I ran into a lot of the usual things during my week in St. John’s – the usual RDF (rain, drizzle, and fog) from Mother Nature, the usual warm welcome from Pat at the front desk at the Delta Hotel, and the usual chatter among NOIA attendees about the “potential” of the province’s offshore.

What was different this year, though, was the palpable optimism about the next offshore development. The Hebron field, which lies in the Jeanne d’Arc basin, will be the province’s fourth major offshore project following Hibernia in 1998, Terra Nova in 2002, and White Rose in 2005.

Newfoundland, which joined the confederation of Canadian provinces in 1949, has been a have-not province since that time, and out migration over the years has been high. Many Newfoundlanders in search of jobs have made their way to Alberta to work in the oil and gas industry. The hope in Newfoundland today is that many of those workers will return home to work on this upcoming project.
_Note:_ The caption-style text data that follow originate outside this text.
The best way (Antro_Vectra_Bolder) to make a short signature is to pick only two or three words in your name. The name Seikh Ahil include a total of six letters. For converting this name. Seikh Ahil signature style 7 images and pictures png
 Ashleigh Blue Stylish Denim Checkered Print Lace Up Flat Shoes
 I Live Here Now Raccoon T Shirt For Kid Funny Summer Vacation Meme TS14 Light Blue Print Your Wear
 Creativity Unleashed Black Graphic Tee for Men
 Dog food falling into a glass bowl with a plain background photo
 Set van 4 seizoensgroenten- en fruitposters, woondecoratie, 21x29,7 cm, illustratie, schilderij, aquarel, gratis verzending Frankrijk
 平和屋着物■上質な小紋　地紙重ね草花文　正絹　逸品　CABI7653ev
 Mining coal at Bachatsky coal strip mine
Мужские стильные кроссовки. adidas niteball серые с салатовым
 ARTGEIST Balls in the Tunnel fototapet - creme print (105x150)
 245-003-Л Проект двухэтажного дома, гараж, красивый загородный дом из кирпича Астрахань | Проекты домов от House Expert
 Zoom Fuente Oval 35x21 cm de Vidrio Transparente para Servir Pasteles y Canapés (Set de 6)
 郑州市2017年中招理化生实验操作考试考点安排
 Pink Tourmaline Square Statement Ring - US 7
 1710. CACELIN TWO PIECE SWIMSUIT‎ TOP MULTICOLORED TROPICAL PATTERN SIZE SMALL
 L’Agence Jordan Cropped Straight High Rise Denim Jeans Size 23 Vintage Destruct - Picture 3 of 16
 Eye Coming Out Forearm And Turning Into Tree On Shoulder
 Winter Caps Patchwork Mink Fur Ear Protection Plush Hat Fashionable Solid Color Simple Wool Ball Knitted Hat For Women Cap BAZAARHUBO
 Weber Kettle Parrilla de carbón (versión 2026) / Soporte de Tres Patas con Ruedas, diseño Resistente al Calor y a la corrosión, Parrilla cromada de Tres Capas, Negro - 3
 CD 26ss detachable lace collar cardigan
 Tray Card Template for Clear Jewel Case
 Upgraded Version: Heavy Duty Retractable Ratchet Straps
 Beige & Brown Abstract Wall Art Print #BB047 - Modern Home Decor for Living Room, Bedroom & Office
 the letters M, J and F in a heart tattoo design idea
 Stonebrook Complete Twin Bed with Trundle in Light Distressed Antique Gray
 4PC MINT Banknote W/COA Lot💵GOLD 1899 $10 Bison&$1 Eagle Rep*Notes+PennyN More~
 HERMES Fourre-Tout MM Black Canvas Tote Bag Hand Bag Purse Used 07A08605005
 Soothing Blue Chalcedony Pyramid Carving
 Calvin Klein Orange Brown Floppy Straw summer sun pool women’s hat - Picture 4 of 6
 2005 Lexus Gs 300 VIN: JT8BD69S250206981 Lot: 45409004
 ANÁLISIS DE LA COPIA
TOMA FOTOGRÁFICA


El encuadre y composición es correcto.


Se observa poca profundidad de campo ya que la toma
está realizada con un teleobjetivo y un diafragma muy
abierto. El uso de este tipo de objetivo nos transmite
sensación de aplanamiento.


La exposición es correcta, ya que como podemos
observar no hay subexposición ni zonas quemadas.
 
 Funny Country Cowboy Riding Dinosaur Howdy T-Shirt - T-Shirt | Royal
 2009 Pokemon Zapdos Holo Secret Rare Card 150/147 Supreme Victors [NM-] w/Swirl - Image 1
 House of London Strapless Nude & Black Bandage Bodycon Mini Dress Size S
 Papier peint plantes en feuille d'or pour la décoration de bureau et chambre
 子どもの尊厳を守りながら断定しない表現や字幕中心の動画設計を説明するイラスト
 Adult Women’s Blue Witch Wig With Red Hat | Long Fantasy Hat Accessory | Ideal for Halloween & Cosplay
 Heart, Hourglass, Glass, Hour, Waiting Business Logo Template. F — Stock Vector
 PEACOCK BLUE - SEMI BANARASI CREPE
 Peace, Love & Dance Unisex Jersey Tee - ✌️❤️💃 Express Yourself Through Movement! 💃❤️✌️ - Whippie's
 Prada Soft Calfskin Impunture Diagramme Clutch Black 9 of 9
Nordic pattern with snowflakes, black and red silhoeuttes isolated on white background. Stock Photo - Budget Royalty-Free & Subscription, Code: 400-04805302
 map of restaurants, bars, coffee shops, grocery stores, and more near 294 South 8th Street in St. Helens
There are many who still view Newfoundland as a place people leave in order to make a living, not a place people return to if they’re serious about building a career. Today, I believe that is changing.

There are, of course detractors of Newfoundland and Labrador Premier Danny Williams, but I think his talent as a businessman is exactly what the province has needed for decades.

Williams has negotiated a good deal for the province with the operators of the Hebron project and might well be remembered as the man who provided a lot of Newfoundlanders a way to come home.